As the Missouri legislature winds down and high-profile tragedies in the U.S. and worldwide are still fresh in our minds, a new report shows Missouri has a long way to go on workplace safety. According to “Death on the Job: The Toll ofNeglect,” released by the AFL-CIO on Tuesday, Missouri ranks 35th in the nation in workplace safety.
Just one worker killed on the job is too many, but the report details 132 Missouri workers who went to work in 2011 and never made it back home. At a rate of 4.9 deaths per 100,000 workers, this puts Missouri behind 34 out of 50 states. Neighboring Arkansas and Kansas are among the worst states for workplace fatalities, along with North Dakota, Wyoming and Montana.
Missouri AFL-CIO Secretary Treasurer Mike Louis said politics is a factor. “While too many people are dying on the job right here in Missouri, too many of our elected officials are trying to make it more difficult for Missourians to exercise their collective bargaining rights to ensure health and safety protections at work,” said Louis.
“Some of the most dangerous states in the country are so-called ‘right to work’ states – and that’s no coincidence. In states were fewer workers are able to have a voice on the job and to advocate for better working conditions, corporations cut corners and take risks that cause devastating consequences.”
Another issue cited in the report is underfunding of enforcement agencies. Due to a lack of staffing it would take the Occupational Safety and Health Administration (OSHA) a whopping 111 years to inspect each workplace in Missouri – just once.

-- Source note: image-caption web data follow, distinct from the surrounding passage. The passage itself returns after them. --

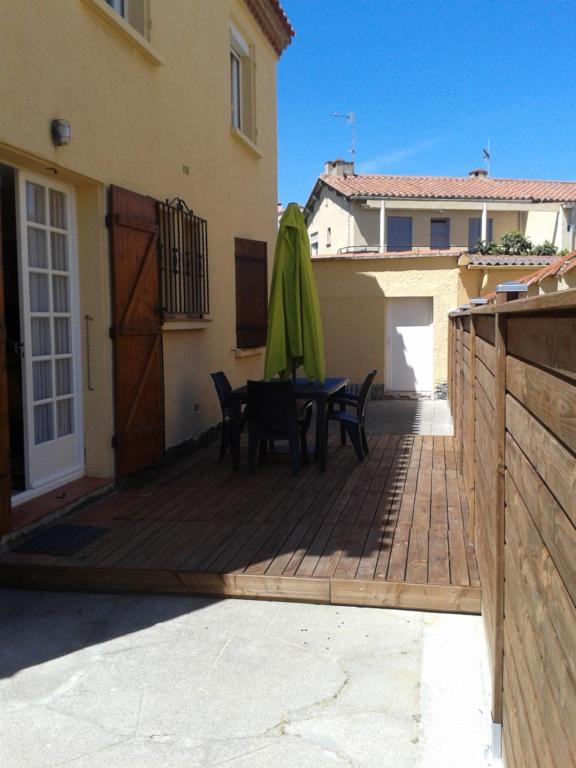 un patio avec une table et un parasol vert dans l'établissement La Luciole, à Canet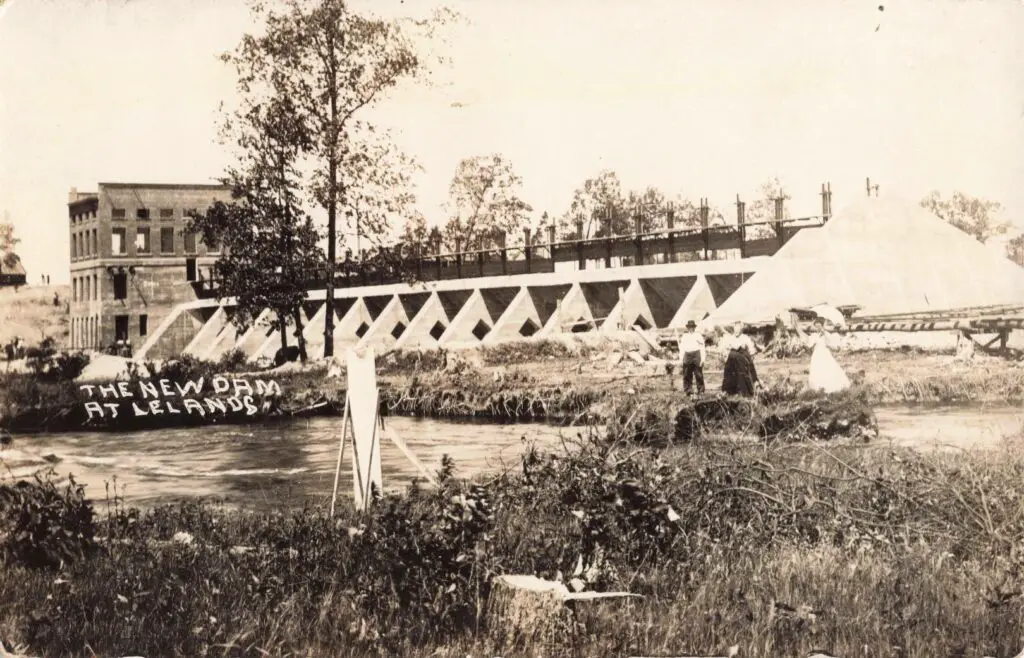 A Group Of People Standing Near A River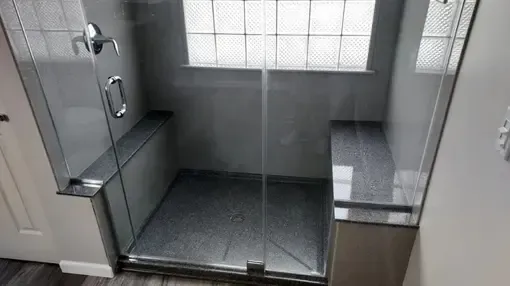 A walk-in shower with gray tile, glass walls, a bench on each side, and a glass block window.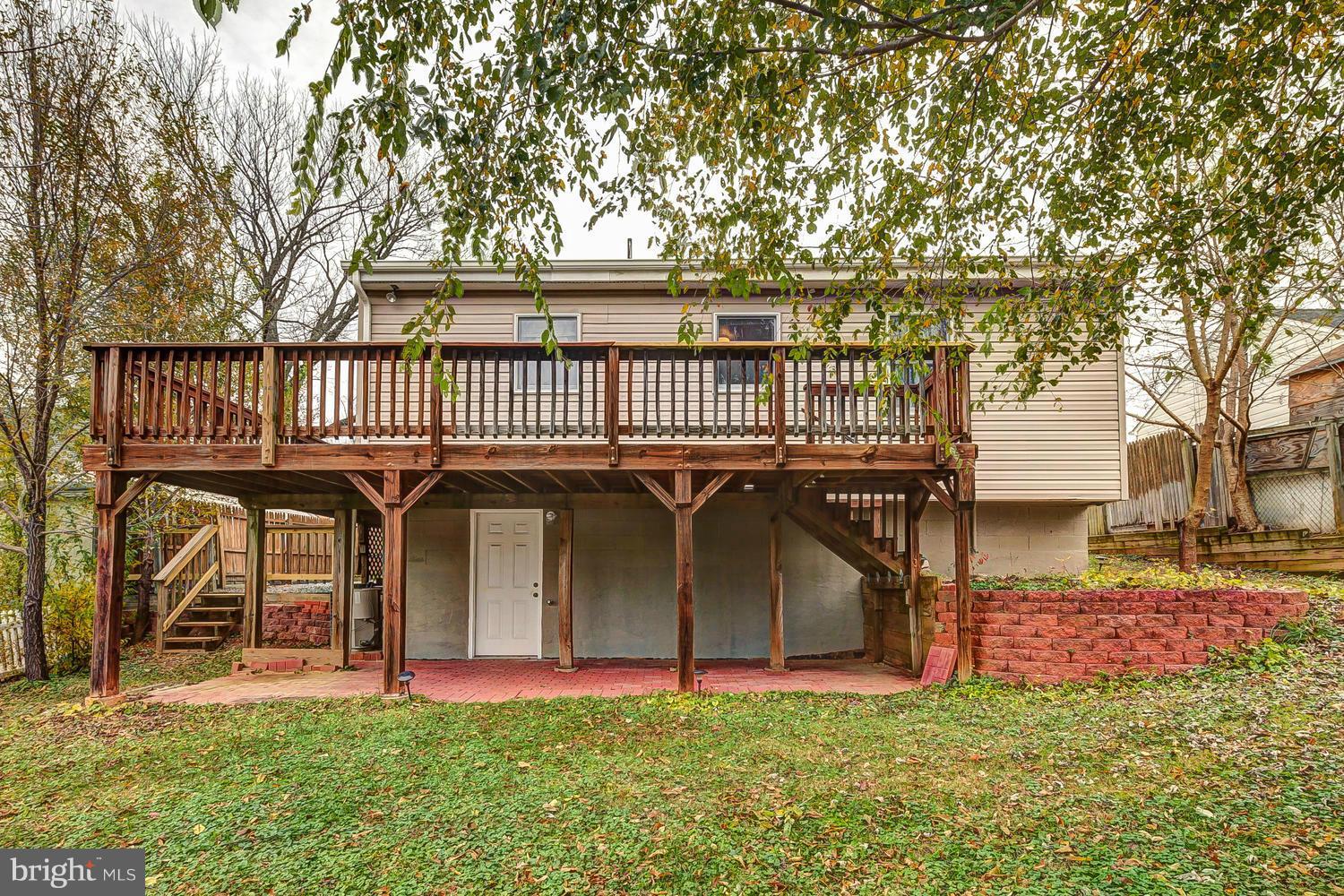 11520 Joseph Mill Road Silver Spring, MD 20906 - Photo 25 of 30 a view of a house with a yard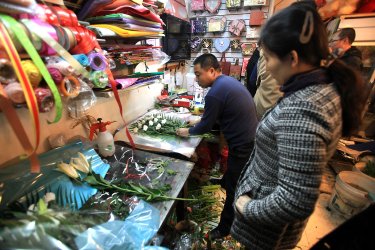 North Koreans buy flowers to take to the North Korean embassy in Beijing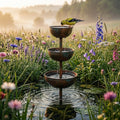 Three-tier rustic brown bird bath with stacked bowls in a garden
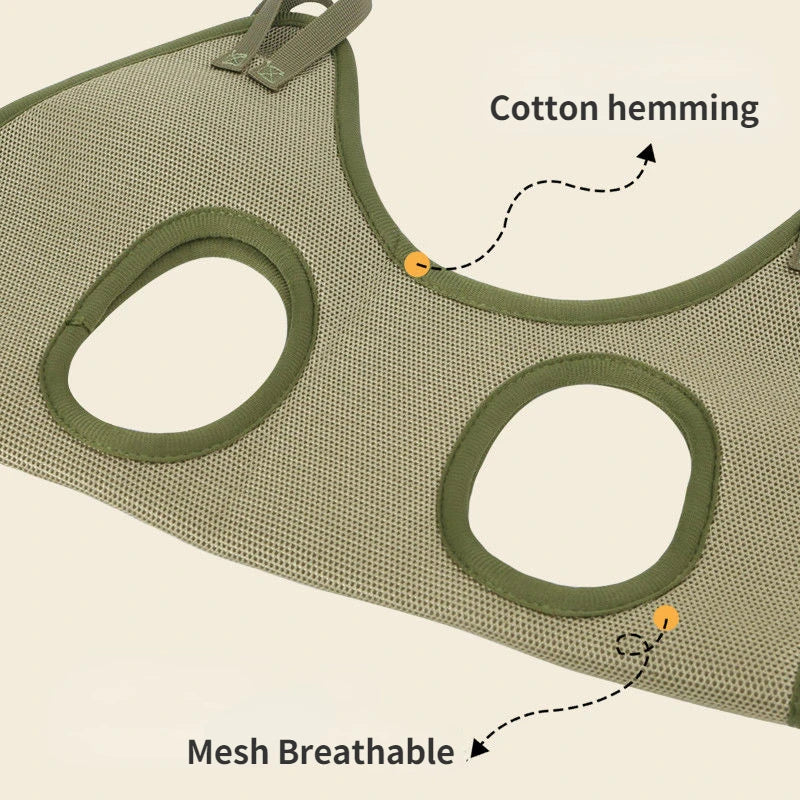 Green mesh cat harness with cotton hemming and breathable design on a beige background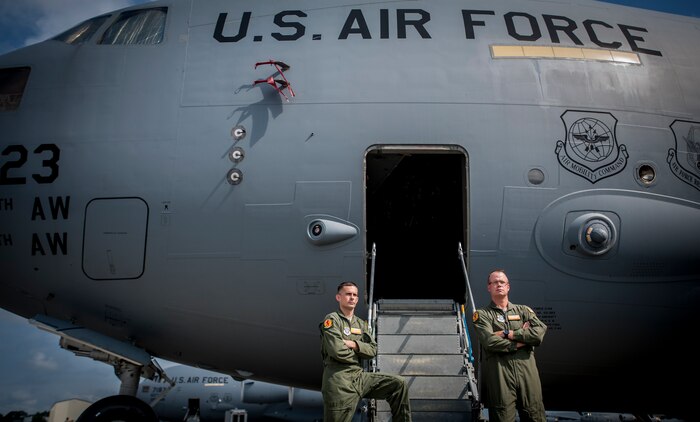 Capt. Paul Geunther, 16th Airlift Squadron C-17 pilot, and Master Sgt. Aaron Avery, 16th AS standards and evaluations superintendent, have 31 years of combined experience inside the C-17 Globemaster III. JB Charleston is scheduled to receive the final C-17 Sept. 12, 2013, as Boeing completes work on the U.S. Air Force’s last Globemaster. The first C-17 to enter the Air Force’s inventory arrived at Charleston Air Force Base in June 1993. The C-17 is capable of rapid strategic delivery of troops and all types of cargo to main operating bases or directly to forward bases in the deployment area. (U.S. Air Force photo / Airman 1st Class Tom Brading)
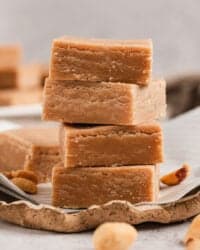 Classic peanut butter fudge squares stacked on a piece of parchment paper.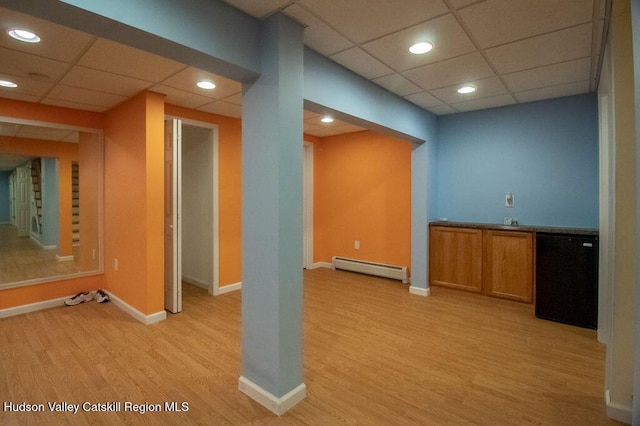 interior space with light wood-type flooring, a drop ceiling, and baseboard heating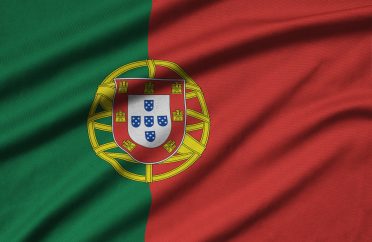 Portugal flag is depicted on a sports cloth fabric with many folds. Sport team waving banner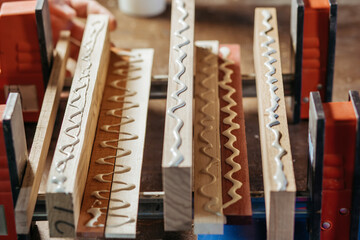 Bonding wood in the workshop. The use of glue for different types of wood. Making worktops for the kitchen. Work as a craftsman. Creating a cutting board design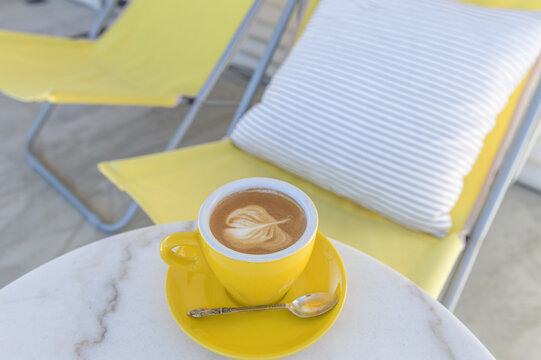 Yellow coffee cup and yellow outdoor sun chairs
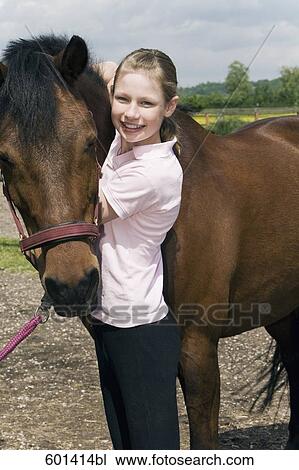 portrait of young girl with brown horse View Large Photo Image Stock Image - portrait of young girl with brown horse. Fotosearch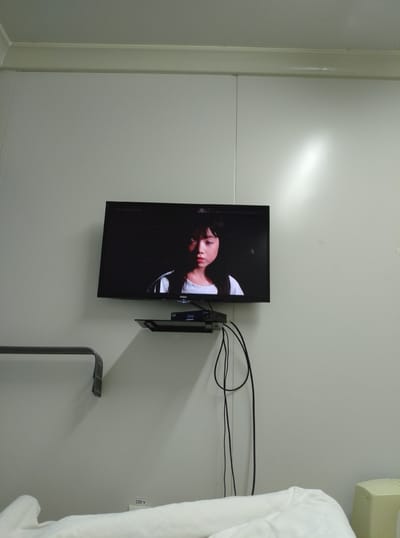 The image shows a television screen displaying a close-up of a young Asian female's face. She has dark hair and is wearing a light-colored top. The TV is mounted on a white wall, above a black shelf holding a small electronic device with cables. The wall appears to be made of panels and has some subtle lighting effects. There is a metal bracket mounted on the wall to the left of the television, and a white sheet or blanket is visible at the bottom of the frame, suggesting a bedroom or hotel room. A yellow object, possibly a small appliance or furniture, is partially visible on the right. The scene is dimly lit, with a spotlight effect on the wall to the right. The inscription "220 V" is visible on the wall near the bottom right. The image is taken indoors in what appears to be a sparsely decorated room. The location is identified as Қопа ауылдық округі, Kazakhstan.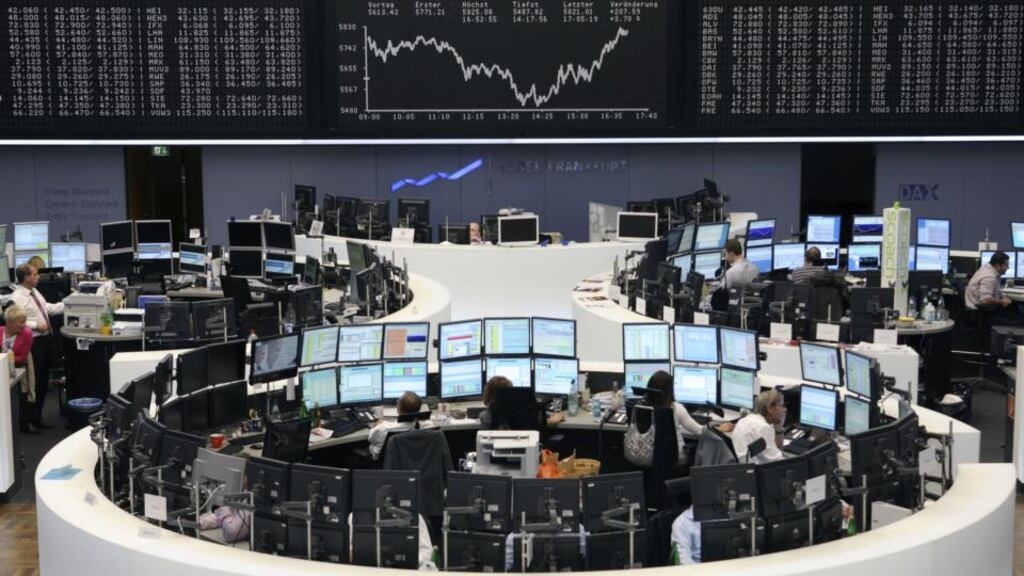 Financial traders work at their computers beneath a display of the DAX Index curve at the Frankfurt Stock Exchange. European shares fell on Friday, led lower by a drop in Germany’s DAX index. Photo: Bloomberg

Louis said “Our elected leaders should find ways to make things better and reduce these tragic numbers, not push more dangerous legislation like ‘right to work’ and paycheck deception. Workplace safety needs to be a priority on the federal, state and local level.”
Across the country there’s much work to do. The report notes that in 2011, there were 4,693 workplace deaths due to traumatic injuries and more than 3.8 million workers across all industries, including state and local government, who experienced work-related illnesses and injuries.